There were a few things I found somewhat annoying in this work, such as the author’s tendency to refer to various tips throughout the book solely by number that left me baffled and often not motivated to flip the pages to decode these cross-references. The section on stretching and strength, while certainly not invalid, seemed so compact as to appear almost as an incomplete afterthought. These are minor nits.

But there were tidbits I utterly loved, such as the perceived exertion chart, relating how you feel to the comparable workout intensity. I’d just read this back in July and laughed about its description of 100% effort, race level intensity, as “All out, spent at the finish, gasping for air, you can’t wipe the spit off your face,” when a day later, halfway through the Carver Five-Miler, I realized that I really couldn’t wipe the spit off my face. Yeah, kinda’ gross, Too Much Information I know, but the point is that Joey nails reality. He nails it when he drills in that there is no secret training formula. One of the columns I’ve never gotten around to writing is the answer to people asking me what my formula is, and the answer is there isn’t one. No amount of reading specific workouts in Running Times provides better benefit than a few motivated companions and just about any combination of hard work on the track.
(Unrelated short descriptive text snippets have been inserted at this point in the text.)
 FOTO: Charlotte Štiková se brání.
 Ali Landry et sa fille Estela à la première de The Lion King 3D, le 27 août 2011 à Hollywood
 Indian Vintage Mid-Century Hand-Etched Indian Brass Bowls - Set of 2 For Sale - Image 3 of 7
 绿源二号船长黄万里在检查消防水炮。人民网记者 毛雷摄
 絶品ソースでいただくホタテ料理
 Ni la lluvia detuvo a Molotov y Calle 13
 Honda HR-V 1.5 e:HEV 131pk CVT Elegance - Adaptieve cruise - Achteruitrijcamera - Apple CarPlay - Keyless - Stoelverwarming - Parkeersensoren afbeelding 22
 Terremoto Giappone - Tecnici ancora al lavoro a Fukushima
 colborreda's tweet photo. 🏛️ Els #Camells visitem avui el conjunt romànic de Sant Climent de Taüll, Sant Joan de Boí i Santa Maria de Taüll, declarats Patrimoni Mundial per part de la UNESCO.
There are points here that are clearly targeted at the experience level of a high school runner. Don’t carbo load for a 5K. You won’t dehydrate in a mile. Understand and work with your realistic talent level. And so on. But there is a lot of good stuff that is easily lost on any runner in the heat of any racing schedule, not just the inexperienced youngster, but even the grizzled veteran. I took one of the health suggestions to heart, and the story is still unfolding with great blogable potential. But that will have to wait for another night, as we’re already over quota here…

The bottom line is that if you’re looking for a comprehensive, sophisticated guide to all things running, training, and racing, this is not your solution. But if you’re looking for a practical approach that will actually get used, especially if you’re a coach and you’d like to get into the head of your athletes whom you know have more talent than the time to think about how to work with it to their best success, Joey Keillor has assembled a handy package here.